Artemis-Chado Integration Tutorial
This Artemis-Chado Integration tutorial was presented by Robin Houston, Tim Carver and Giles Velarde at the 2009 GMOD Summer School - Europe, August 2009. The most recent Artemis tutorial can be found at the Artemis Tutorial page.
- Username: gmod
- Password: gmod
This tutorial describes the world as it existed on the day the tutorial was given. Please be aware that things like CPAN modules, Java libraries, and Linux packages change over time, and that the instructions in the tutorial will slowly drift over time. Newer versions of tutorials will be posted as they become available.

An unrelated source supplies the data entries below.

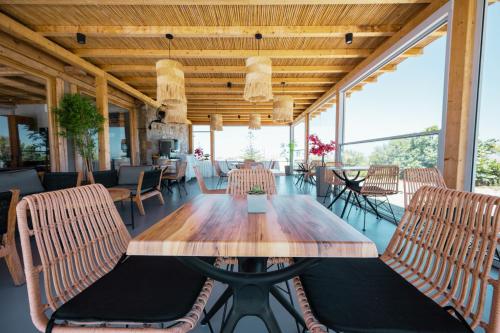 อาหารและเครื่องดื่ม, อีเจียน ฮอสพิทาลิตี (Aegean Hospitality) near สนามบินภายในประเทศเกาะไมโคนอส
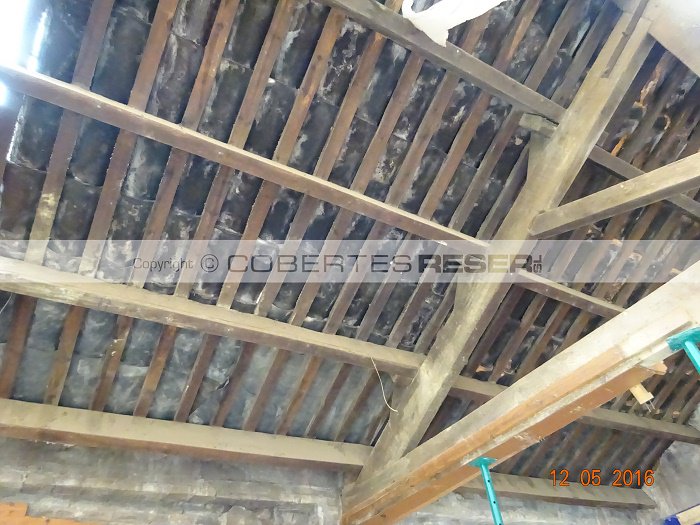 CobertesReserSL's tweet photo. #cubierta #tejado #rehabilitación #madera #nave #aislamiento #impermeabilización #metodoreser #teja https://t.co/AecTRqqBpd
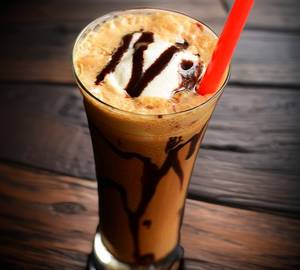 Cold offee (with ice cream)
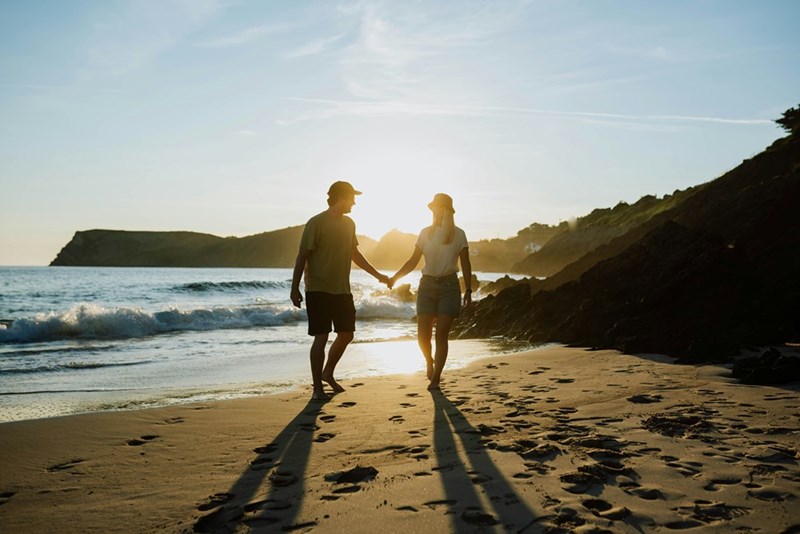 A couple enjoying their last-minute beach vacation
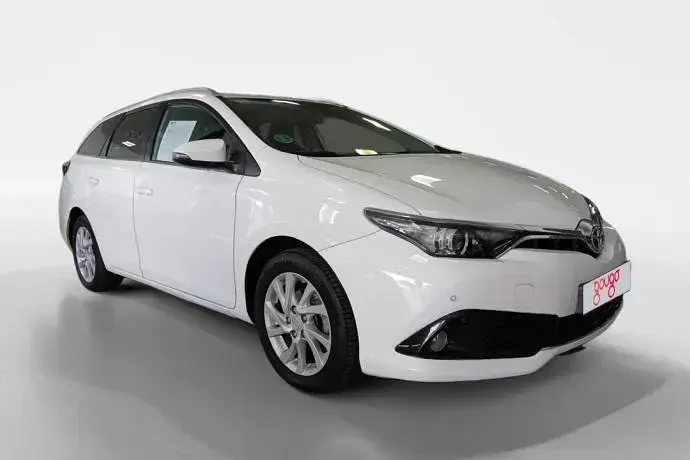 Usado Toyota Auris Active 116 CV (85 kW) 2016 Familiar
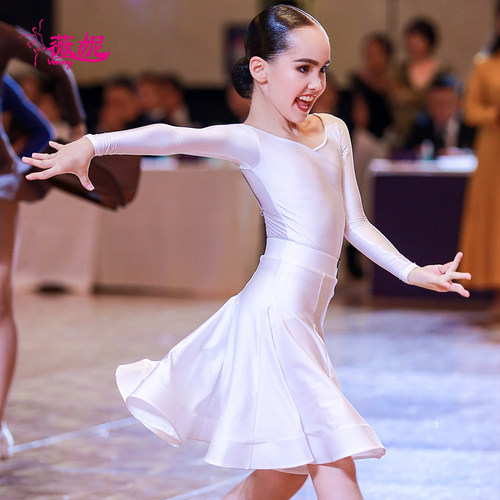 venny薇妮2026新款拉丁舞服女夏进口莱卡专业儿童分体比赛规定服 - 图2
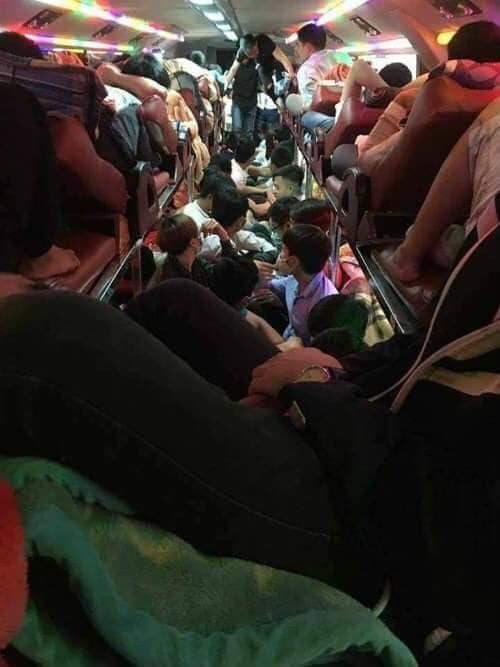 Nỗi ám ảnh lớn nhất ngày Tết mang tên... đi xe khách về quê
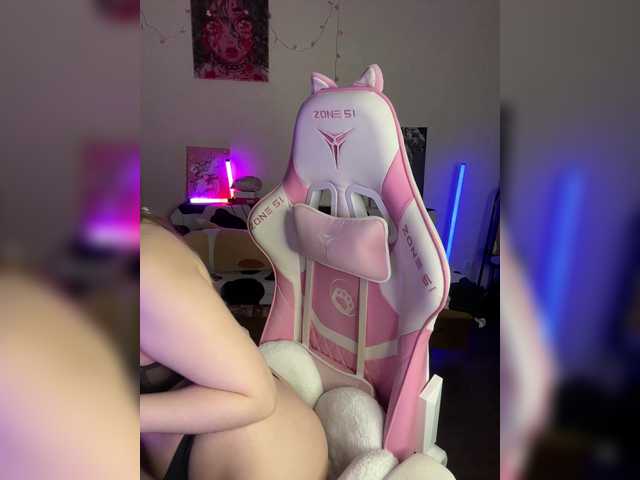 henby-streams's BongaCams show and profile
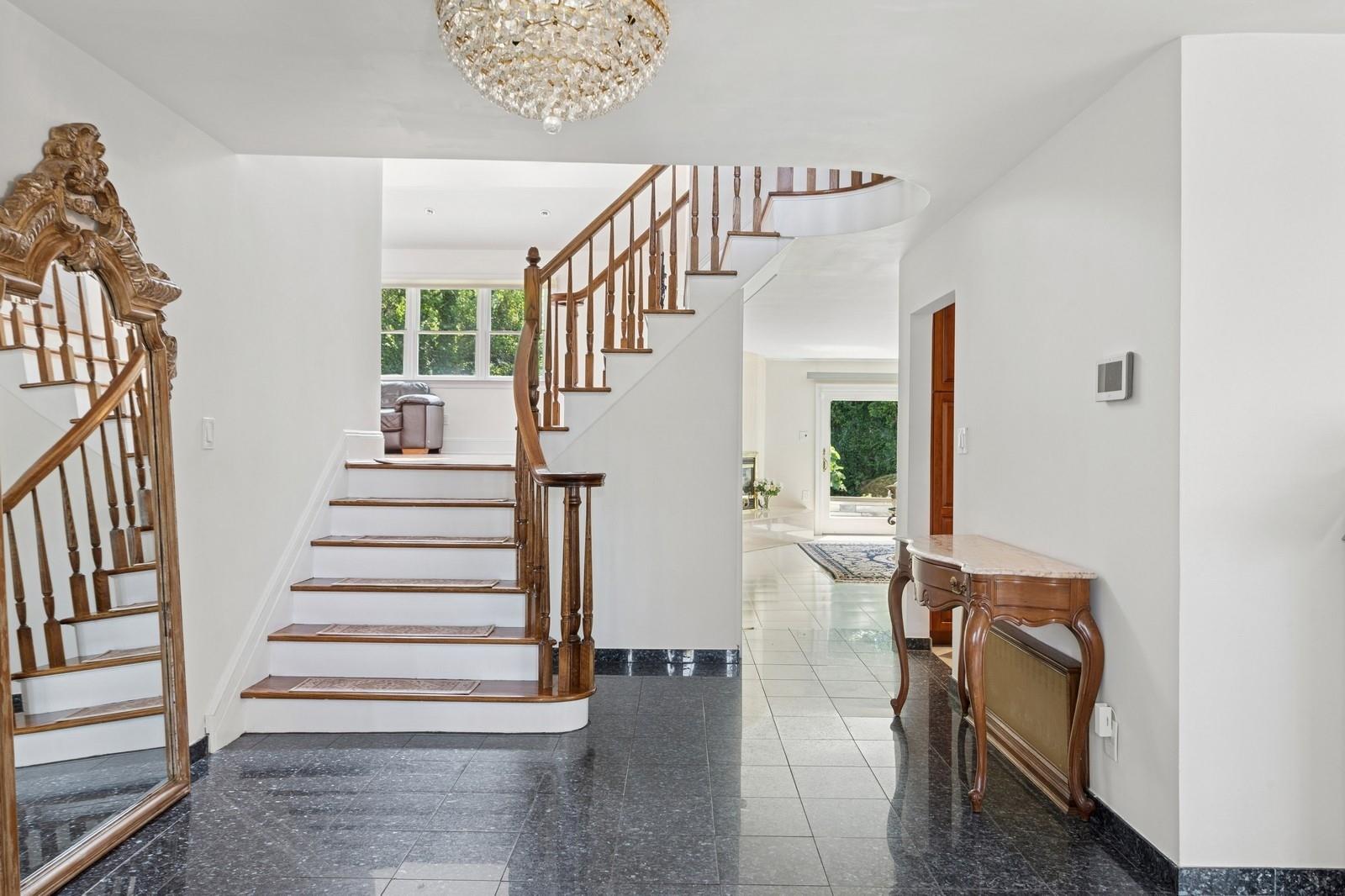 #4 photo, 24-56 Little Neck Boulevard, クイーンズ区 Bayside , NY 11360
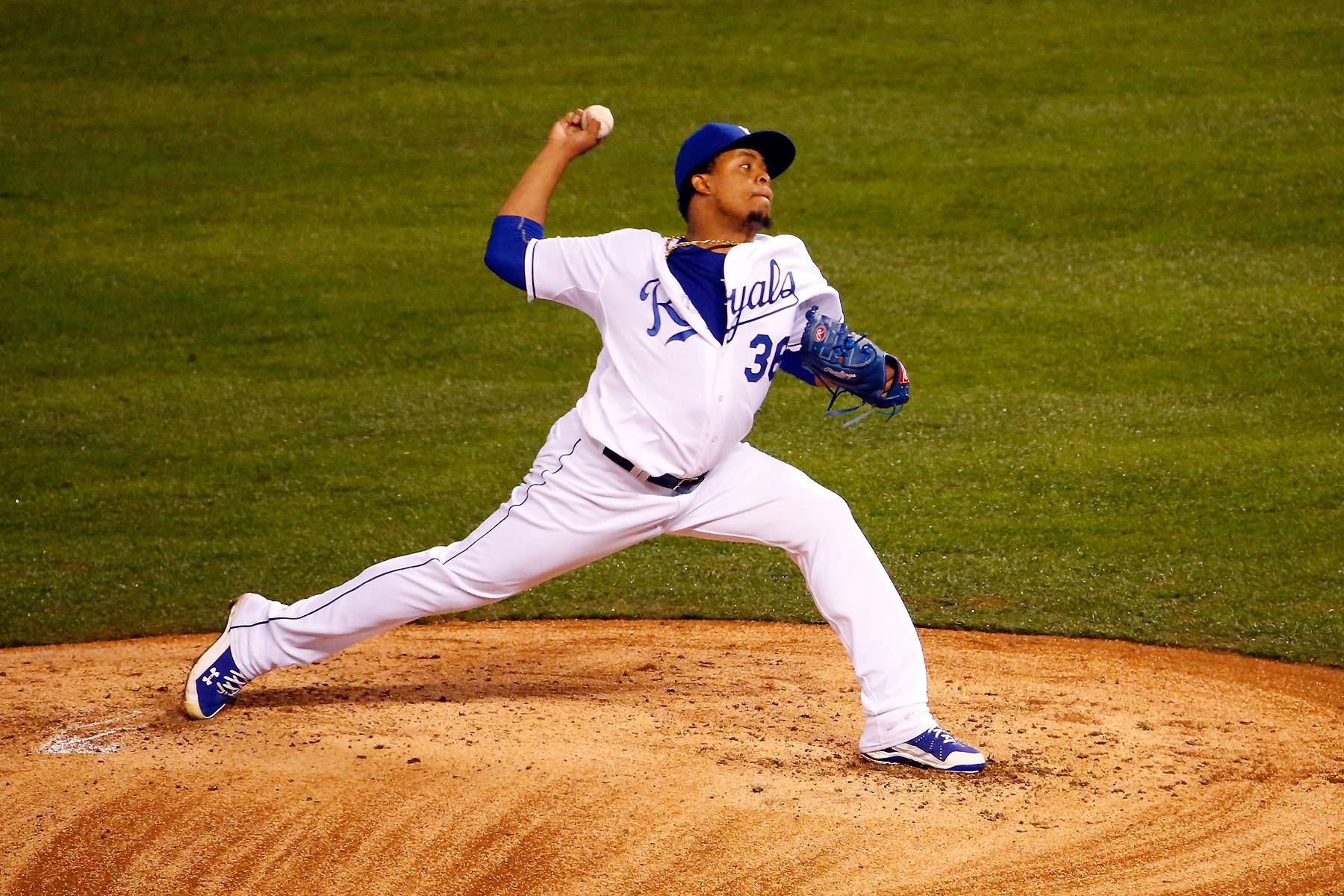 Royals pitcher Edinson Volquez loses father before taking mound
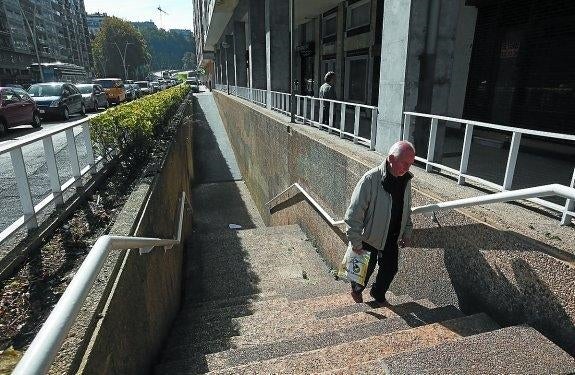 El pasadizo no será reconvertido en aparcamiento de bicis y las rampas y escaleras serán eliminadas.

In this tutorial we present how to install and configure Artemis and ACT to use with a Chado database. The first two sections relate to installing Postgres and Chado, this is included for completeness only and you should refer to the Chado session for more details on this.
Artemis is a DNA sequence browser which works with flat files (e.g. EMBL, GenBank, GFF) and more recently with Chado databases. ACT (Artemis Comparison Tool) is based on Artemis. ACT uses BLAST comparison files to highlight regions of interest between pairs of sequences. Artemis and ACT in database mode are increasingly being used in the Pathogen Genomics Group at the Sanger Institute.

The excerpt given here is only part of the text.